### Task
From the first line of the listing below through the line with "Fassade der Kirche", transcribe exactly and skip the pictures.
-.-.-
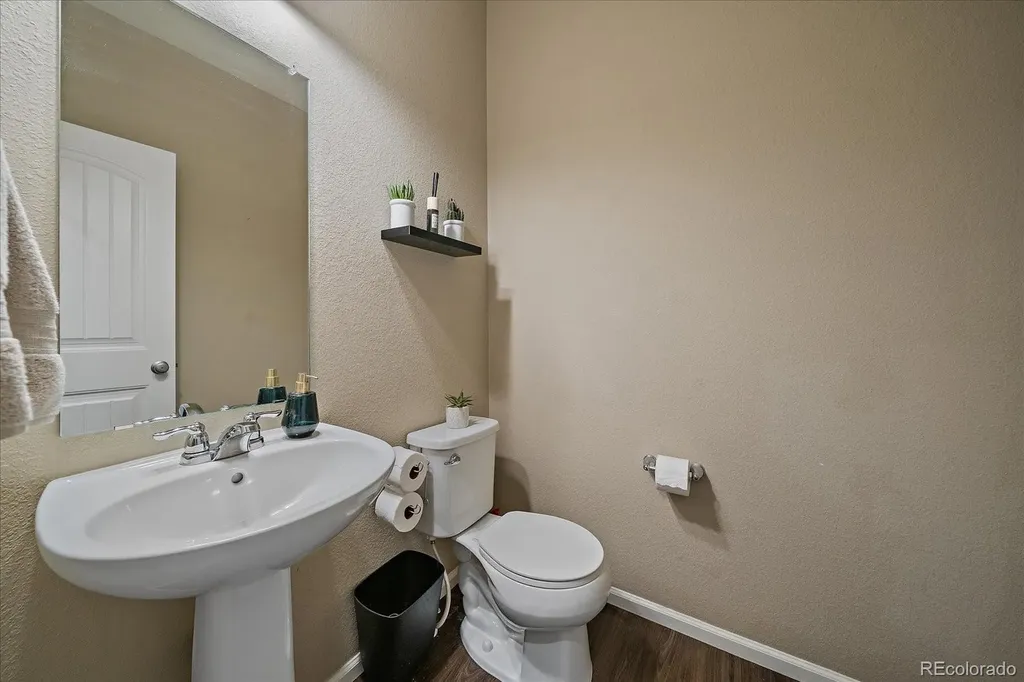 21892 E Quincy Circle Aurora CO 80015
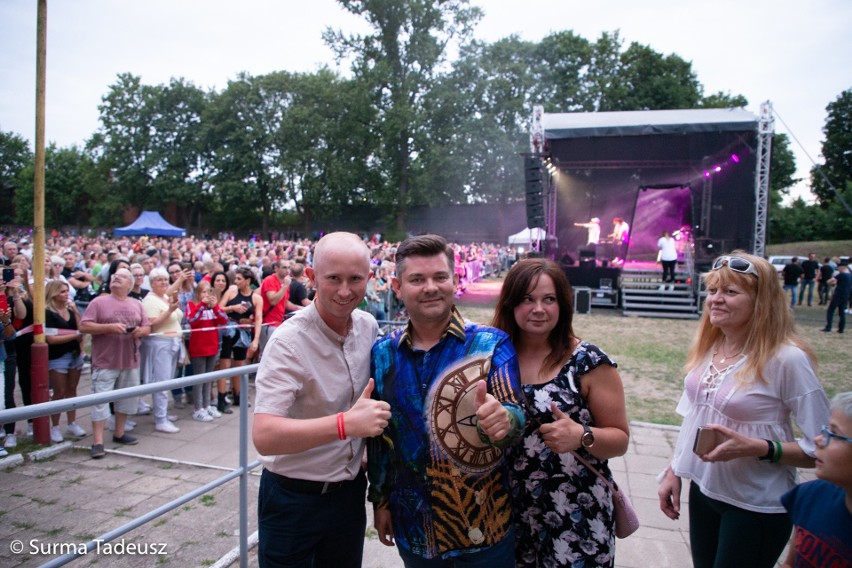 Na stargardzkim stadionie wystąpił Zenek Martyniuk i inne gwiazdy disco polo. Zobaczcie, jak bawiła się publiczność! [DUŻO ZDJĘĆ]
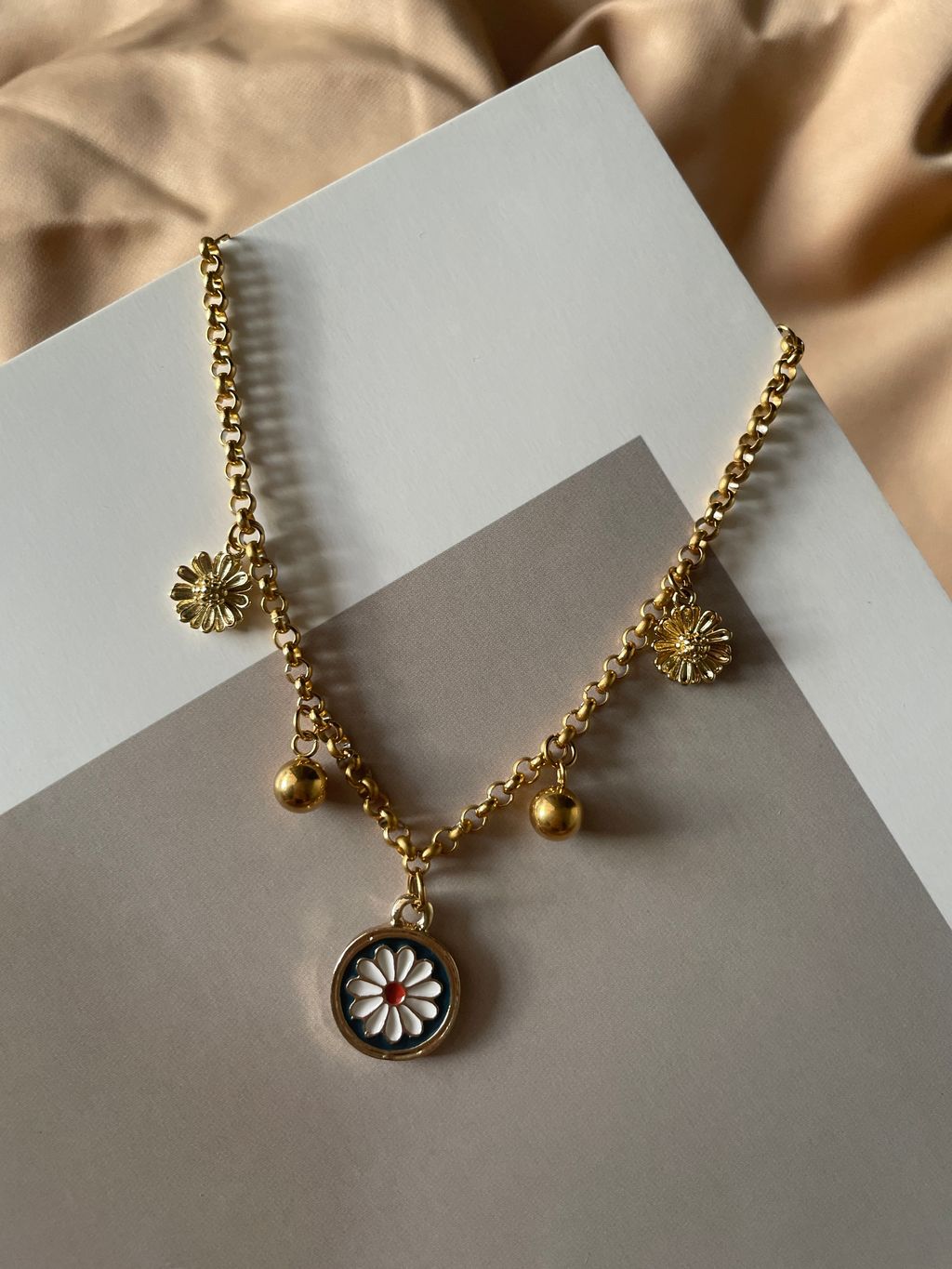 B57B04D5-2164-46DC-8DF2-0D4822BC09C4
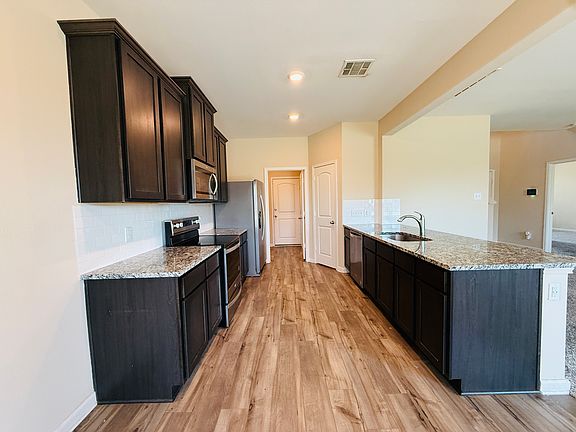 4th image of 1044 Maidenhair Ln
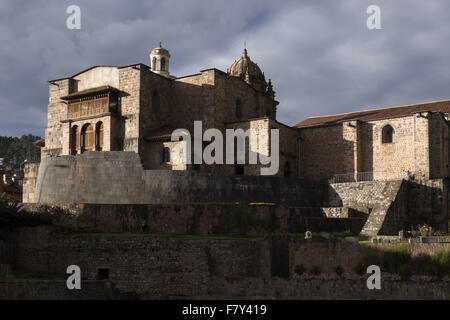 Fassade der Kirche von Santo Domingo, gebaut auf Coricancha Inka Tempel der äußeren Mauer bleibt. Stockfoto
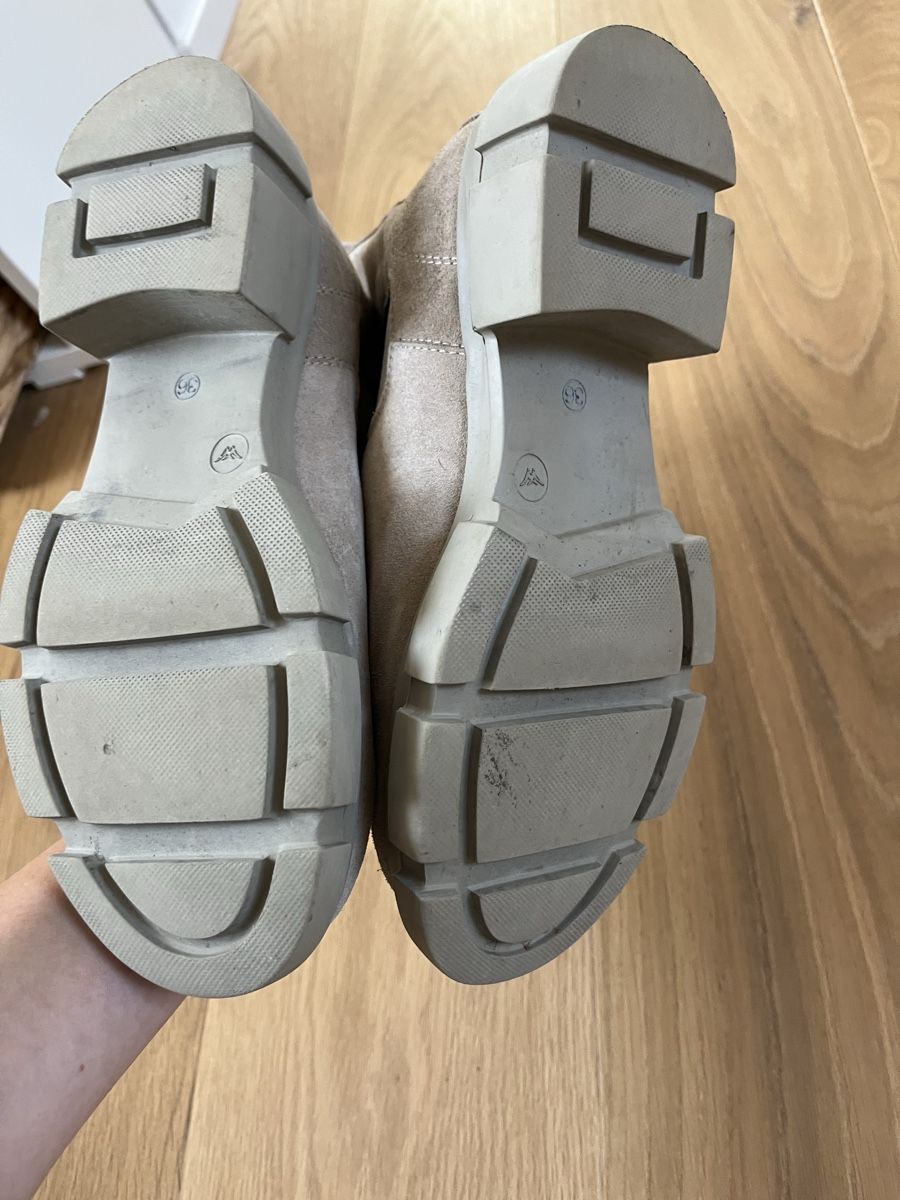 Scarpe da donna: Stiefel Beige Grösse 36 – Usato da Dübendorf venduto da helenlisa 1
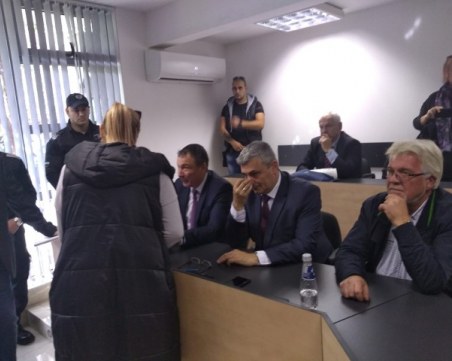 Николай Димитров пристигна под конвой в Несебър, стотици го подкрепиха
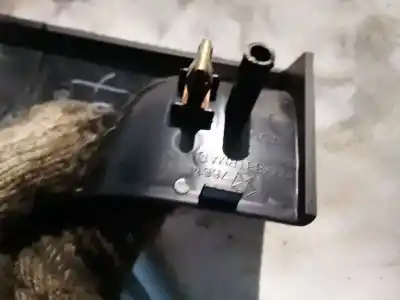 Pezzo di ricambio per auto di seconda mano plastica per chrysler sebring (jr) 2.0 riferimenti oem iam 0ry88trmad  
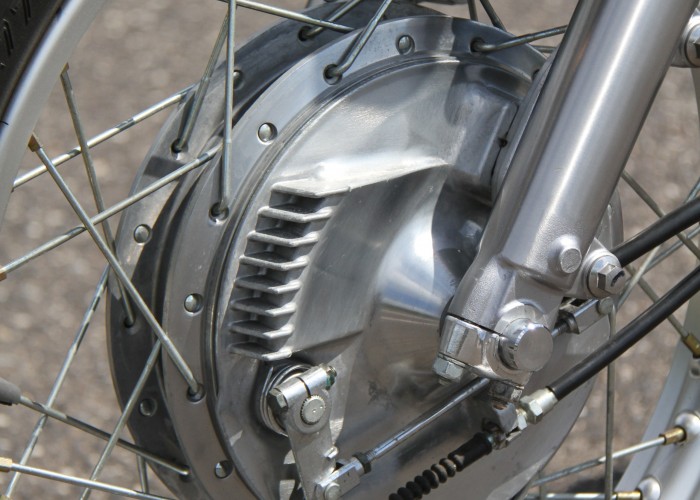 16 Yamaha SR 500 hamulec beben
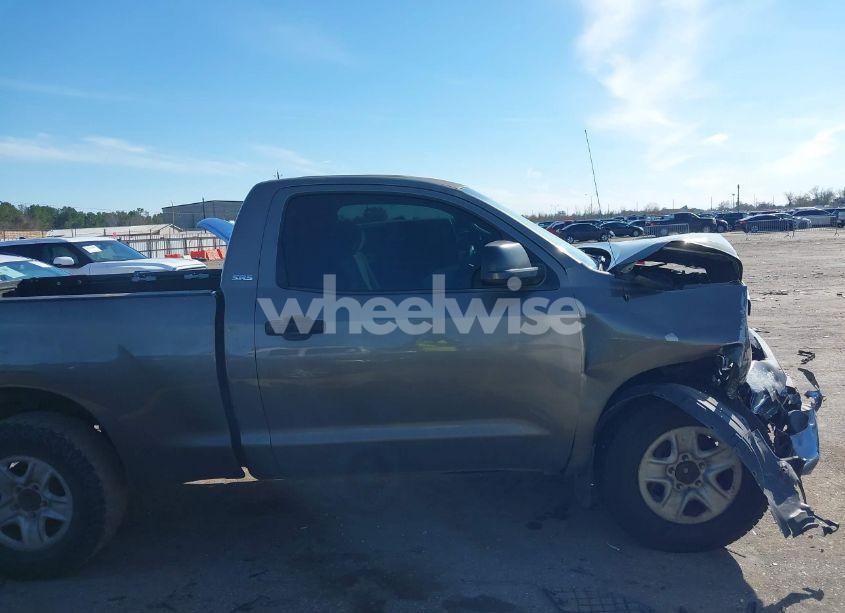 Photo 13 of 2007 Toyota Tundra BASE V6 (VIN 5TFJU521X7X002464)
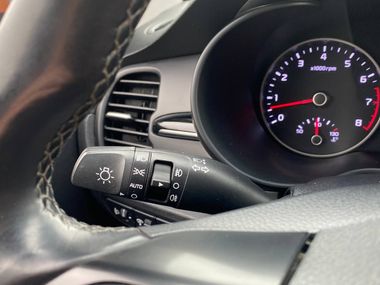 KIA Rio X-Line 2019 года, 157 304 км - вид 9
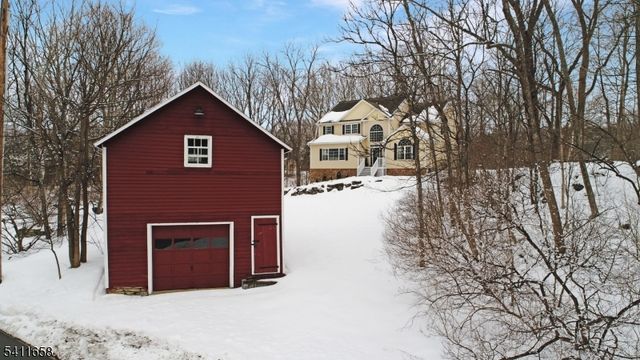 47 Ward Rd, Hardwick Twp., NJ 07825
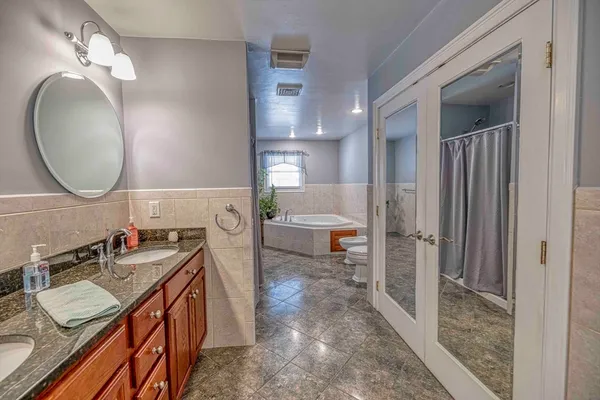 $499,999 | 213 Boyden Street, Fall River, MA 02721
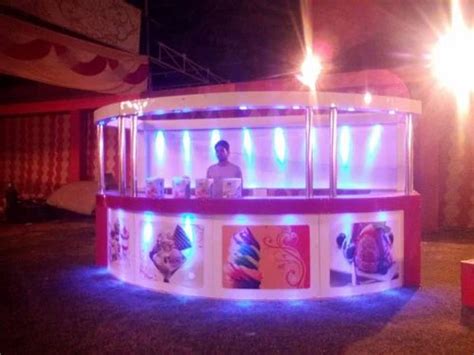 Wooden Icecream Parlour Counter at Rs 55000/piece in Bhiwani | ID: 2850654032991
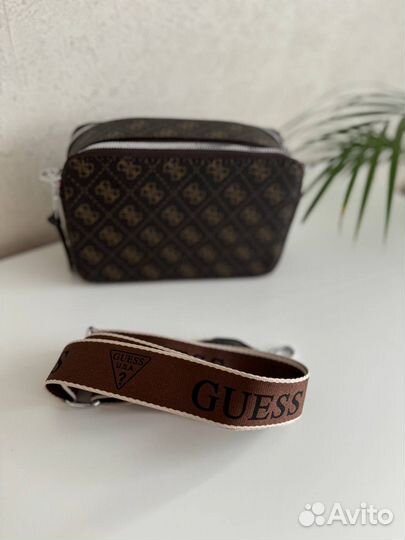 Клатч женский Guess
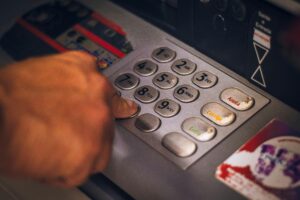 [URGENTE] Exploração Suspeita na Exchange Descentralizada GMX: Mais de $42 Milhões Roubados dos Cofres, Segundo DeBank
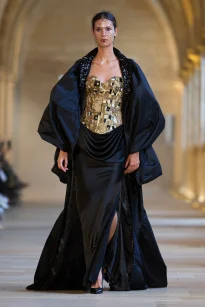00022-rahul-mishra-fall-2025-couture-credit-gorunway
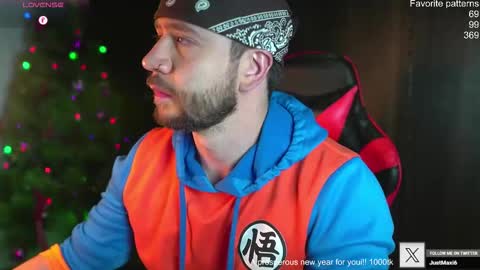 Snapshot of just_your_dreamboy chatting on January 2026 01:22:02 AM Maxi online show from January 2026 01:22:02 AM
-.-.-
### Task response
 21892 E Quincy Circle Aurora CO 80015
 Na stargardzkim stadionie wystąpił Zenek Martyniuk i inne gwiazdy disco polo. Zobaczcie, jak bawiła się publiczność! [DUŻO ZDJĘĆ]
 B57B04D5-2164-46DC-8DF2-0D4822BC09C4
 4th image of 1044 Maidenhair Ln
 Fassade der Kirche von Santo Domingo, gebaut auf Coricancha Inka Tempel der äußeren Mauer bleibt. Stockfoto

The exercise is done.